• Data extract:
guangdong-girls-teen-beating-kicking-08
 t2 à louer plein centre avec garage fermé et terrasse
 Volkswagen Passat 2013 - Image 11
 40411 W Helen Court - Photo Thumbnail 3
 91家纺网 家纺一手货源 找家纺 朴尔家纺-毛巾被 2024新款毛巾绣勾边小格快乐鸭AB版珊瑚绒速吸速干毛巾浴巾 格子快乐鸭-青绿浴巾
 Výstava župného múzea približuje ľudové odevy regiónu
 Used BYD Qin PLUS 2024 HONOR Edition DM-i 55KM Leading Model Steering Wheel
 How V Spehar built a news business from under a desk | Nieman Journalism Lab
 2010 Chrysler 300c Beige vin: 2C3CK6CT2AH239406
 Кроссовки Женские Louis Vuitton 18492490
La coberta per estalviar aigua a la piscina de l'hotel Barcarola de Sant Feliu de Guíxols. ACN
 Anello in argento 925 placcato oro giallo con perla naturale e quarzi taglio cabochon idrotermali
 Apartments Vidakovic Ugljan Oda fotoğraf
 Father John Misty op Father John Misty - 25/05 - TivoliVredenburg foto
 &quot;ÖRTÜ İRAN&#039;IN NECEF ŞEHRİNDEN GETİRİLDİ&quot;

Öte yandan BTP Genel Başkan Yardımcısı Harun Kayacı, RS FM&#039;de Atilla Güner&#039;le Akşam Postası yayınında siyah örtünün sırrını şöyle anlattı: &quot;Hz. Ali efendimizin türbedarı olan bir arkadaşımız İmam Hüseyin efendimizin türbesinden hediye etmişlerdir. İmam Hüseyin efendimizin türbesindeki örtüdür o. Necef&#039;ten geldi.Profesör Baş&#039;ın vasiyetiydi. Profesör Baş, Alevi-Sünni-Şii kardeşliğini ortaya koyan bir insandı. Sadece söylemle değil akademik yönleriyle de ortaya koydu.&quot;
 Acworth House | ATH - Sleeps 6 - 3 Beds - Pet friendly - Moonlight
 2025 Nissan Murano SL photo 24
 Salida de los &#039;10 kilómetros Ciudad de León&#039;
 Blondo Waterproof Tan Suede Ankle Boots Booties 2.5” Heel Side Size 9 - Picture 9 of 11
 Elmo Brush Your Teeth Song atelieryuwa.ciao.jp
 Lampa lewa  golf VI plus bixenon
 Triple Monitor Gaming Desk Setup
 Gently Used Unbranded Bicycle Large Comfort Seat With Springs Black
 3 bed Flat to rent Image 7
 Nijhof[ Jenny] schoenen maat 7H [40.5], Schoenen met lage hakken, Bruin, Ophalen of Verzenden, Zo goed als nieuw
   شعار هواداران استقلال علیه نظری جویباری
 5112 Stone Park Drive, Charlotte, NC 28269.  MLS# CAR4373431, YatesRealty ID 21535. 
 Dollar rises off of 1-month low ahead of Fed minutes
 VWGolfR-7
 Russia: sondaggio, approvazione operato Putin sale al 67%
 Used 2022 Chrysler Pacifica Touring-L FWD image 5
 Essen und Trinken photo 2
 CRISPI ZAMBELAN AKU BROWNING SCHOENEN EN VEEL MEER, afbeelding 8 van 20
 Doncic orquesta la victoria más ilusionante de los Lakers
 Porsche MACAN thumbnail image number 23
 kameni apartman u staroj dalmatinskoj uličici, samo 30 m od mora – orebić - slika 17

• What you are asked to do: After reading the lines above, reproduce them all exactly.

• Response box:
guangdong-girls-teen-beating-kicking-08
 t2 à louer plein centre avec garage fermé et terrasse
 Volkswagen Passat 2013 - Image 11
 40411 W Helen Court - Photo Thumbnail 3
 91家纺网 家纺一手货源 找家纺 朴尔家纺-毛巾被 2024新款毛巾绣勾边小格快乐鸭AB版珊瑚绒速吸速干毛巾浴巾 格子快乐鸭-青绿浴巾
 Výstava župného múzea približuje ľudové odevy regiónu
 Used BYD Qin PLUS 2024 HONOR Edition DM-i 55KM Leading Model Steering Wheel
 How V Spehar built a news business from under a desk | Nieman Journalism Lab
 2010 Chrysler 300c Beige vin: 2C3CK6CT2AH239406
 Кроссовки Женские Louis Vuitton 18492490
La coberta per estalviar aigua a la piscina de l'hotel Barcarola de Sant Feliu de Guíxols. ACN
 Anello in argento 925 placcato oro giallo con perla naturale e quarzi taglio cabochon idrotermali
 Apartments Vidakovic Ugljan Oda fotoğraf
 Father John Misty op Father John Misty - 25/05 - TivoliVredenburg foto
 &quot;ÖRTÜ İRAN&#039;IN NECEF ŞEHRİNDEN GETİRİLDİ&quot;

Öte yandan BTP Genel Başkan Yardımcısı Harun Kayacı, RS FM&#039;de Atilla Güner&#039;le Akşam Postası yayınında siyah örtünün sırrını şöyle anlattı: &quot;Hz. Ali efendimizin türbedarı olan bir arkadaşımız İmam Hüseyin efendimizin türbesinden hediye etmişlerdir. İmam Hüseyin efendimizin türbesindeki örtüdür o. Necef&#039;ten geldi.Profesör Baş&#039;ın vasiyetiydi. Profesör Baş, Alevi-Sünni-Şii kardeşliğini ortaya koyan bir insandı. Sadece söylemle değil akademik yönleriyle de ortaya koydu.&quot;
 Acworth House | ATH - Sleeps 6 - 3 Beds - Pet friendly - Moonlight
 2025 Nissan Murano SL photo 24
 Salida de los &#039;10 kilómetros Ciudad de León&#039;
 Blondo Waterproof Tan Suede Ankle Boots Booties 2.5” Heel Side Size 9 - Picture 9 of 11
 Elmo Brush Your Teeth Song atelieryuwa.ciao.jp
 Lampa lewa  golf VI plus bixenon
 Triple Monitor Gaming Desk Setup
 Gently Used Unbranded Bicycle Large Comfort Seat With Springs Black
 3 bed Flat to rent Image 7
 Nijhof[ Jenny] schoenen maat 7H [40.5], Schoenen met lage hakken, Bruin, Ophalen of Verzenden, Zo goed als nieuw
   شعار هواداران استقلال علیه نظری جویباری
 5112 Stone Park Drive, Charlotte, NC 28269.  MLS# CAR4373431, YatesRealty ID 21535. 
 Dollar rises off of 1-month low ahead of Fed minutes
 VWGolfR-7
 Russia: sondaggio, approvazione operato Putin sale al 67%
 Used 2022 Chrysler Pacifica Touring-L FWD image 5
 Essen und Trinken photo 2
 CRISPI ZAMBELAN AKU BROWNING SCHOENEN EN VEEL MEER, afbeelding 8 van 20
 Doncic orquesta la victoria más ilusionante de los Lakers
 Porsche MACAN thumbnail image number 23
 kameni apartman u staroj dalmatinskoj uličici, samo 30 m od mora – orebić - slika 17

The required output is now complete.